The lines needed run from the one that contains "Garnet Hill M" through the end of the material below, both included; write them out exactly, with no pictures.
┄┄┄┄┄┄
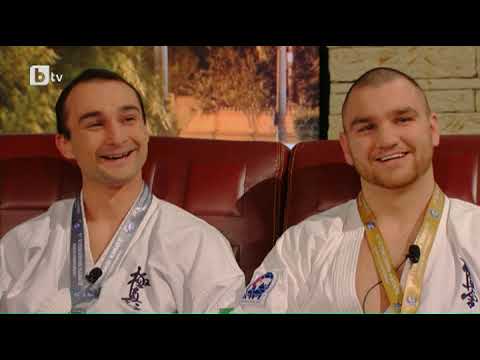 Видео: Шоуто на Слави: Гостуват шампионите по киокушин карате Александър и Иван Команови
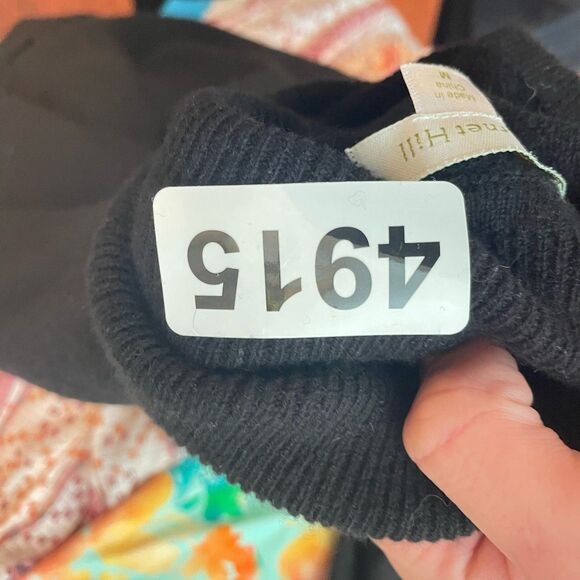 Garnet Hill M Women 100% Cashmere Turtleneck Sweater Black Classic Old Money Lux - Picture 6 of 14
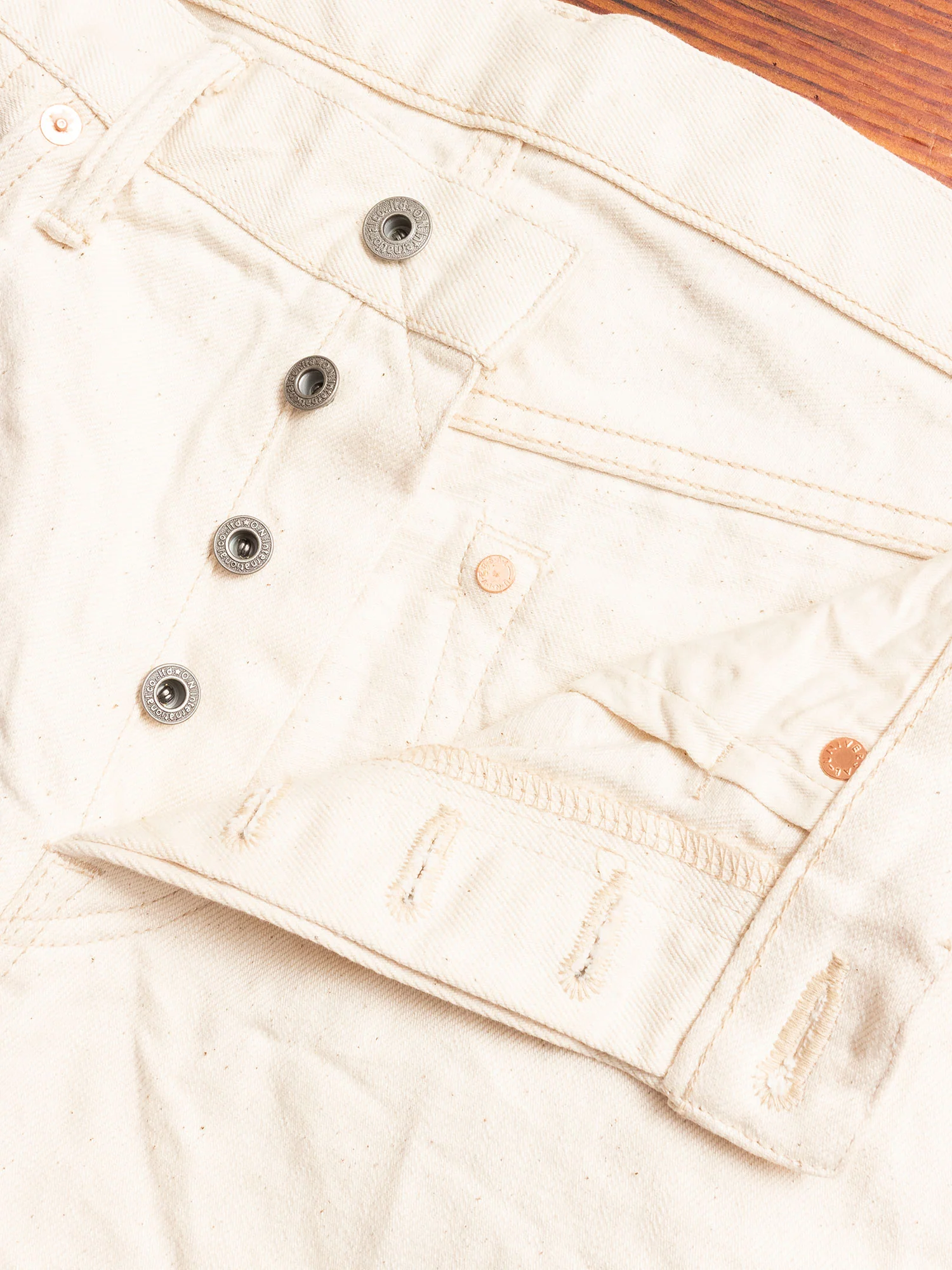 546-OGW "Organic Cotton White" 14oz Selvedge Denim - Slim Straight Fit - Image 6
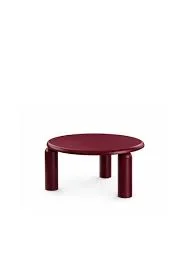 NEO LOW Round Lacquered Wood Coffee Table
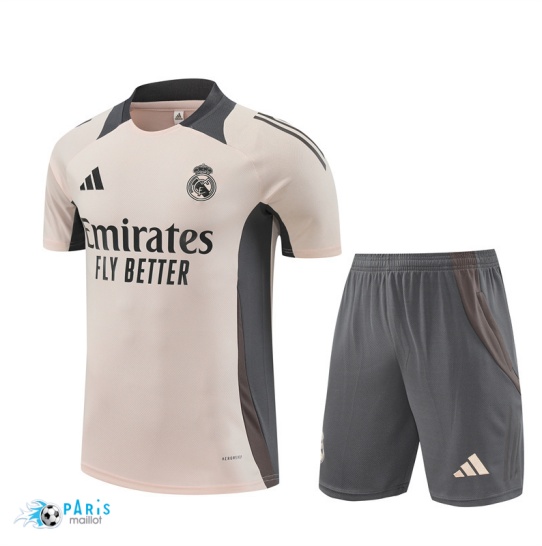 Marque Maillot Foot Training Foot Real Madrid Enfant + Short abricot 2024/25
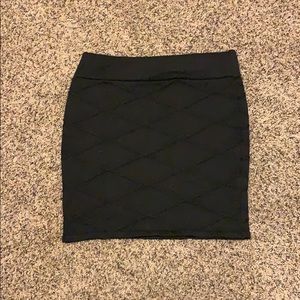 Black spandex skirt
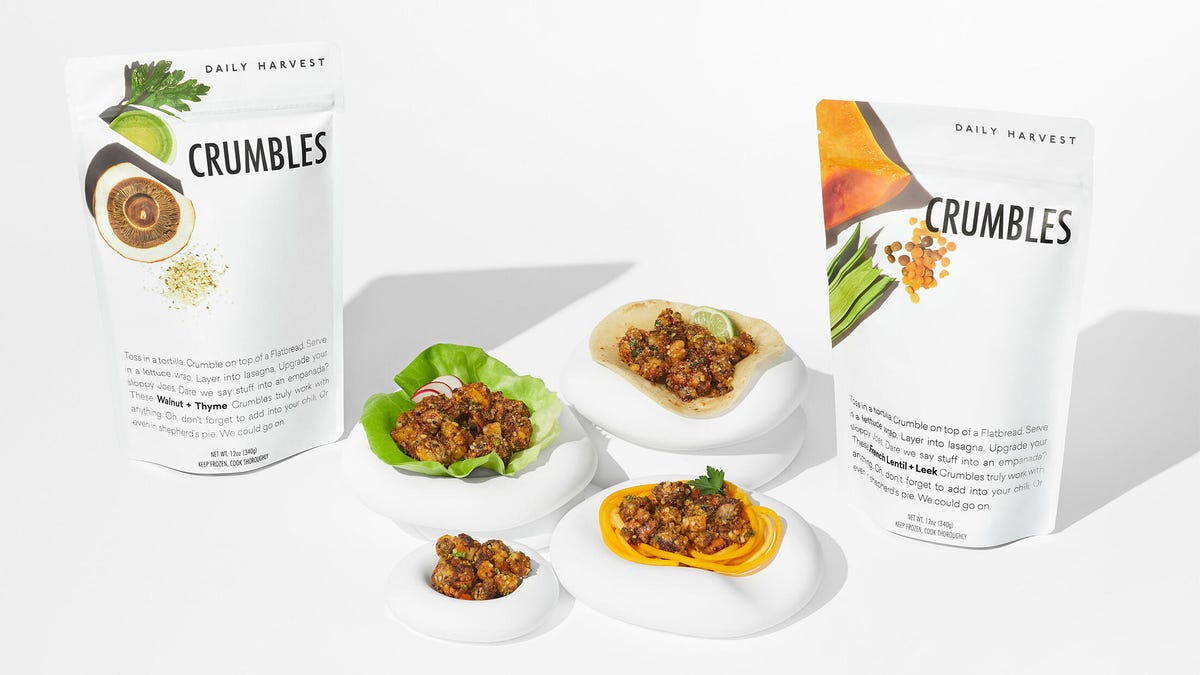 french lentil crumbles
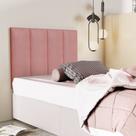 Cabeceira Isis Clássica Pendente Dobrável Cama Box Solteiro 0,90 cm Rose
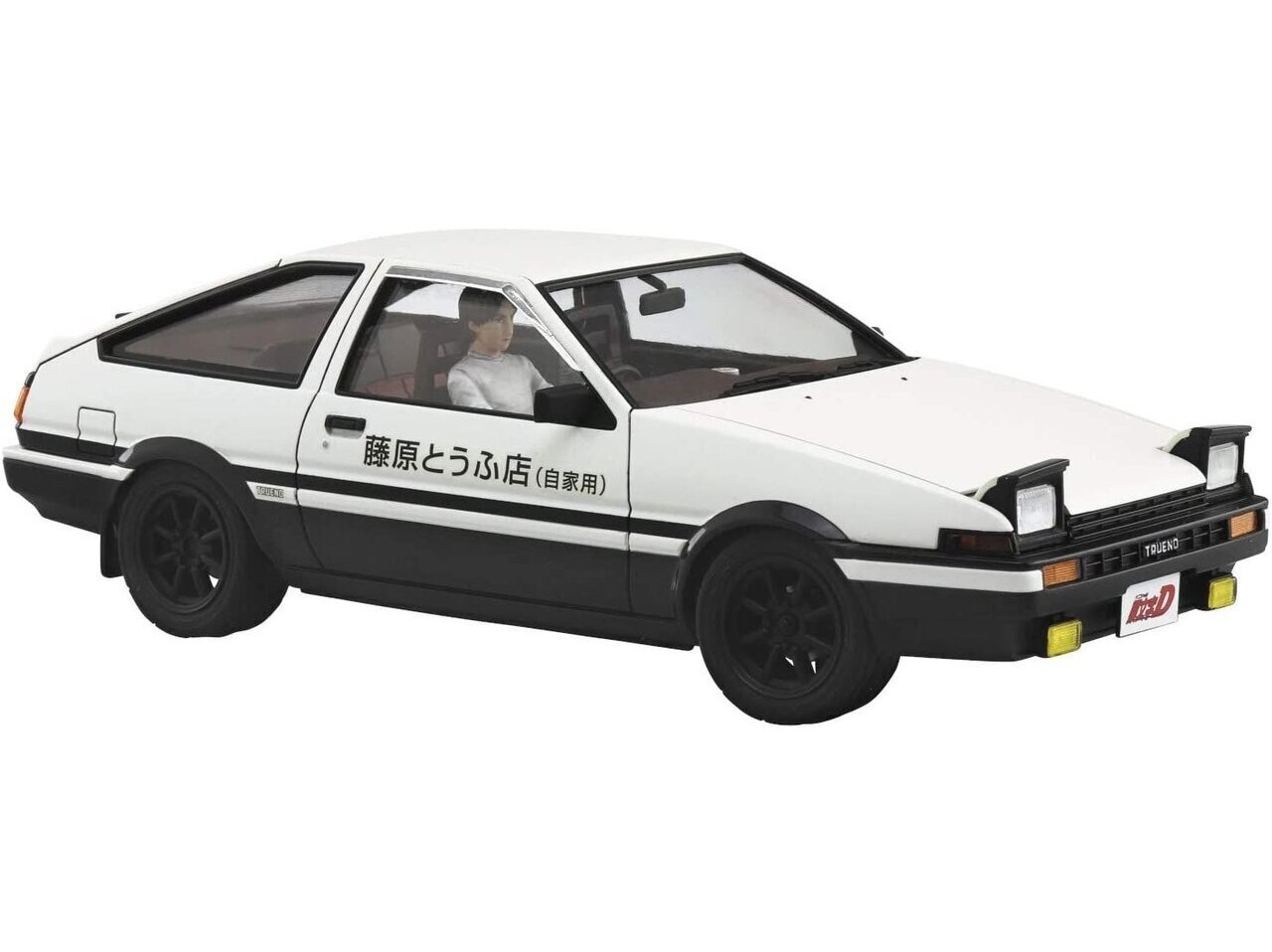 Aoshima - Initial D Takumi Fujiwara Toyota Sprinter Trueno AE86 w/Driver Figure, 1/24, 05954 цена и информация | Klotsid ja konstruktorid | kaup24.ee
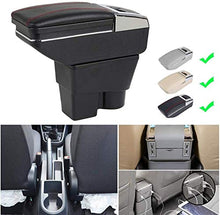LANCHUN Armrest for S Koda Rapid 2013-2018 Braccioli Box Auto Centro Centro STOCCAGGIO del Braccio Bracciolo con Funzione di Ricarica 7 Porte USB Luce a LED Integrata (Color : Grey)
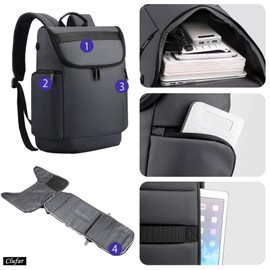 Clufar Backpack Men Women Waterproof Laptop Backpack 15.6 Inch with Laptop Compartment Work Backpack Laptop Backpack School Backpack Anti Theft Backpack Daypack for School Leisure Travel, gray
┄┄┄┄┄┄
Solution for this problem |
 Garnet Hill M Women 100% Cashmere Turtleneck Sweater Black Classic Old Money Lux - Picture 6 of 14
 546-OGW "Organic Cotton White" 14oz Selvedge Denim - Slim Straight Fit - Image 6
 NEO LOW Round Lacquered Wood Coffee Table
 Marque Maillot Foot Training Foot Real Madrid Enfant + Short abricot 2024/25
 Black spandex skirt
 french lentil crumbles
 Cabeceira Isis Clássica Pendente Dobrável Cama Box Solteiro 0,90 cm Rose
 Aoshima - Initial D Takumi Fujiwara Toyota Sprinter Trueno AE86 w/Driver Figure, 1/24, 05954 цена и информация | Klotsid ja konstruktorid | kaup24.ee
LANCHUN Armrest for S Koda Rapid 2013-2018 Braccioli Box Auto Centro Centro STOCCAGGIO del Braccio Bracciolo con Funzione di Ricarica 7 Porte USB Luce a LED Integrata (Color : Grey)
 Clufar Backpack Men Women Waterproof Laptop Backpack 15.6 Inch with Laptop Compartment Work Backpack Laptop Backpack School Backpack Anti Theft Backpack Daypack for School Leisure Travel, gray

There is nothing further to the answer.